La Construction de la Réalité selon la Science et la Psychanalyse


LA CONSTRUCTION DE LA REALITE

SELON LA SCIENCE ET LA PSYCHANALYSE

Marcos BULCAO

Tout d’abord, je voudrais dire qu’on devrait prendre au sérieux l’indication donnée par le mot  « construction », c’est-à-dire l’idée que la réalité ne se donne pas claire et directement à la appréhension de l’être humain sinon qu’elle est, d’une certaine façon, « construite ».

On peut s’utiliser le tableau suivant :

Réalité « donnée »

prête à être « dévoilée »

Réalité construite, c’est-à-dire, il y a l’intervention du « facteur humain »
Connaissance absolument objectif/valide

Le soi-disant « point de vue de Dieux »

Connaissance à validation intersubjective ; interférence des valeurs ; faillibilisme
Réalité « transcendantal », a priori et indépendante des êtres humains et leurs théories. Réalité « immanente » :

Nous ne pouvons/devons pas parler d’une réalité non conceptualisée.

Et encore :

La réalité matérielle Réalité psychique

Bien sûr que ces distinctions, ces dualismes sont intéressants et ont fréquemment une utilité didactique, mais il ne faut pas oublier que ces frontières ne sont pas aussi claires qu’ils pourraient sembler à première vue.

De toute façon, l’idée plus importante ici est de parler d’une réalité « construite » et non d’une réalité donnée.

Mais avant de discuter un plus sur ce tableau d’oppositions, il nous faut retourner un peu, établir les prémisses qui nous permettrons de défendre ces énoncés ci-dessus.

En effet, il faut commencer par les (ou retourner aux) questions plus générales :

– Qu’est-ce que la réalité ? Comment est le monde qui nous entoure ?

– Est-ce que nous pouvons connaître ce monde, cette réalité ?

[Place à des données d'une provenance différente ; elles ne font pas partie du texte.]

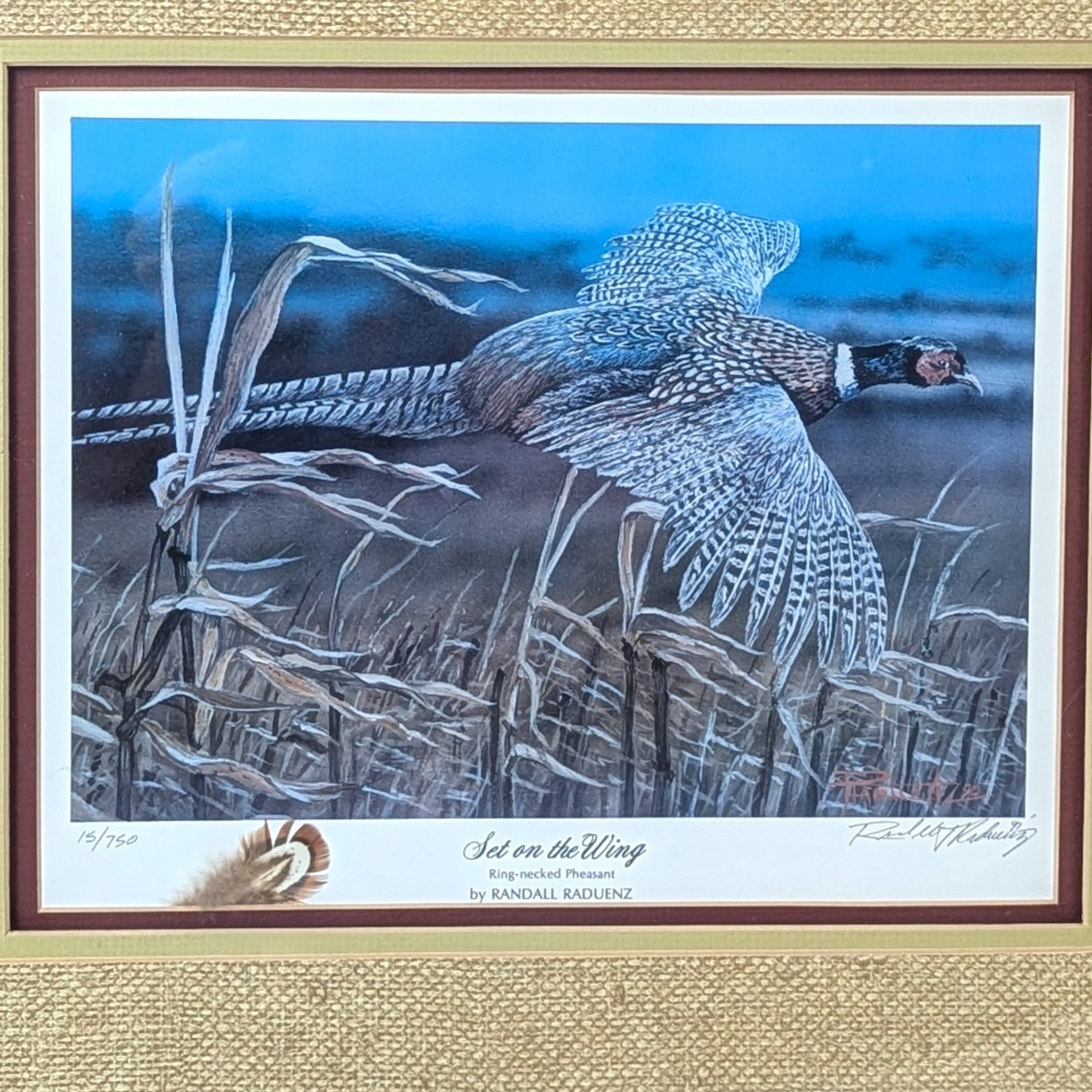 Vintage Randall Raduenz Set on the Wing Signed Numbered Pheasant Print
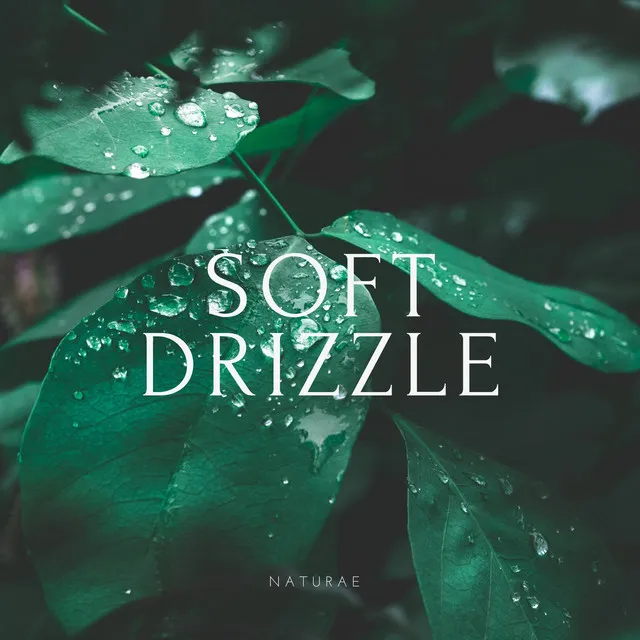 Soft Drizzle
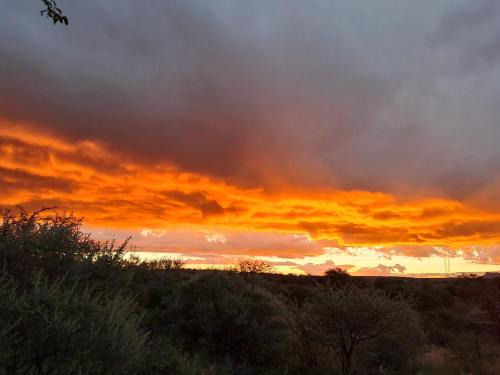 Windhoek Autre | BellaTiny, Campsite - bring your own tent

– Si « oui », comment pouvons-nous arriver à une description précise de cette réalité ?

– Comment arrivons-nous à nos croyances sur le monde, comment pouvons-nous les organiser dans des théories, comment pouvons-nous les défendre ou quand devons-nous les changer ?

(1) L’APPROCHE SCIENTIFIQUE 

Quelle est la position scientifique a ce sujet?

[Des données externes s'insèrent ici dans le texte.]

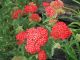 Achillea 'Coronation Gold'
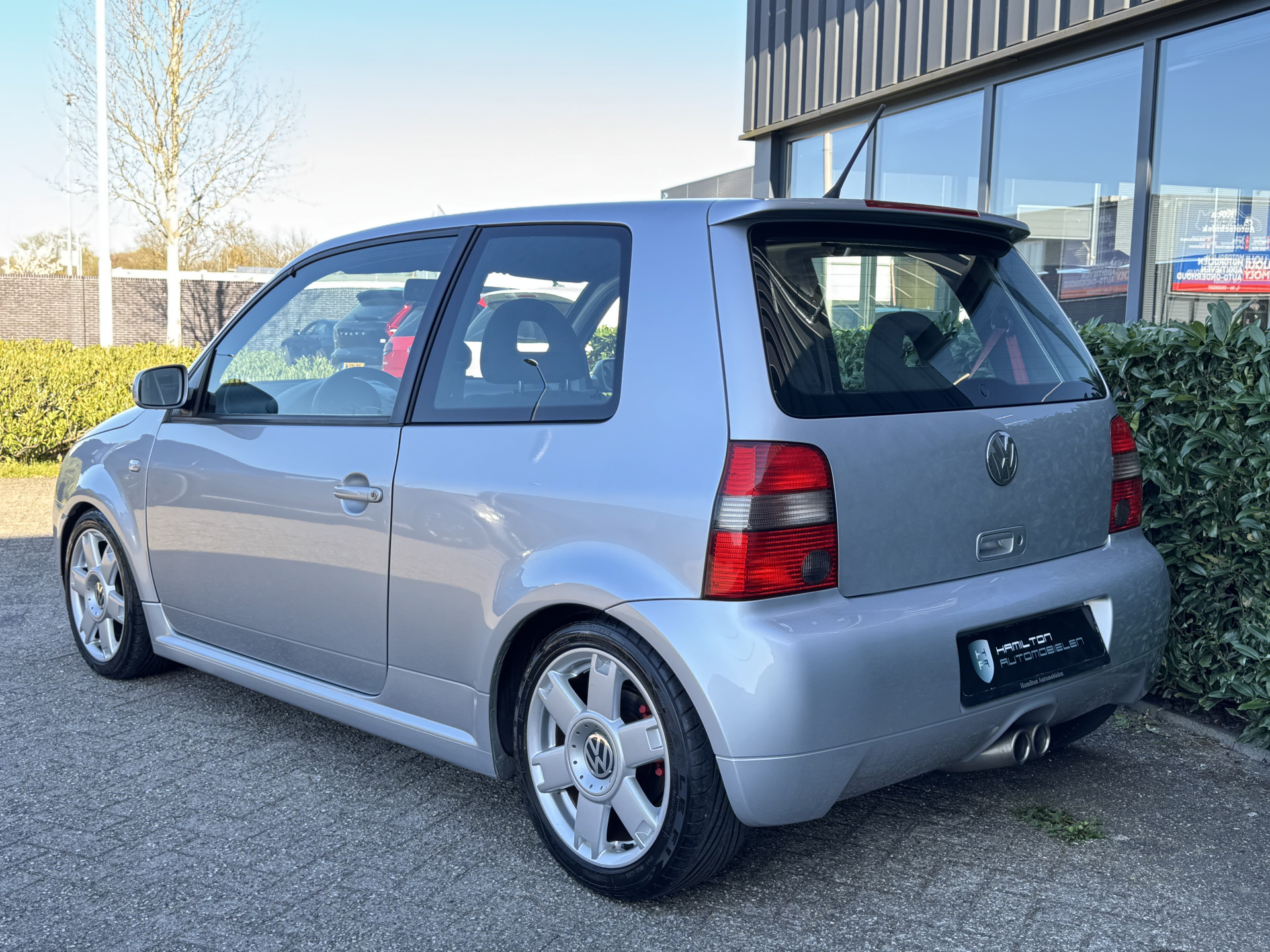 52650751-4.jpg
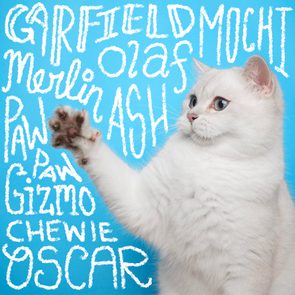 Boy cat names handwritten on a photo of a cat on a blue background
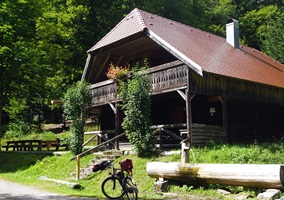 Blick auf die Hummelhütte im Steinatal im Schwarzwald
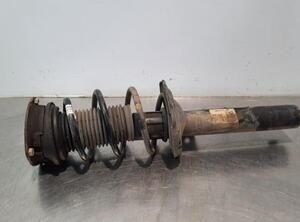 Shock Absorber VW PASSAT B8 Variant (3G5, CB5), VW PASSAT (3G2, CB2)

La science suppose, en lignes générales, que le monde existe indépendamment de nous, ce qui apporte inévitablement un certain élément d’objectivité. Autrement dit, nous pouvons facilement admettre que les hommes peuvent disparaître de la terre, mais cela ne signifie pas que la terre cessera d’exister.

Autrement dit, les caractéristiques de cette planète, de l’univers dans son ensemble, sont indépendantes de nous ou de notre connaissance.

En revanche, cependant, tout ce que nous pouvons dire du monde, tout ce que nous pouvons percevoir et décrire, cela, si, dépend de nous selon de nombreux aspects.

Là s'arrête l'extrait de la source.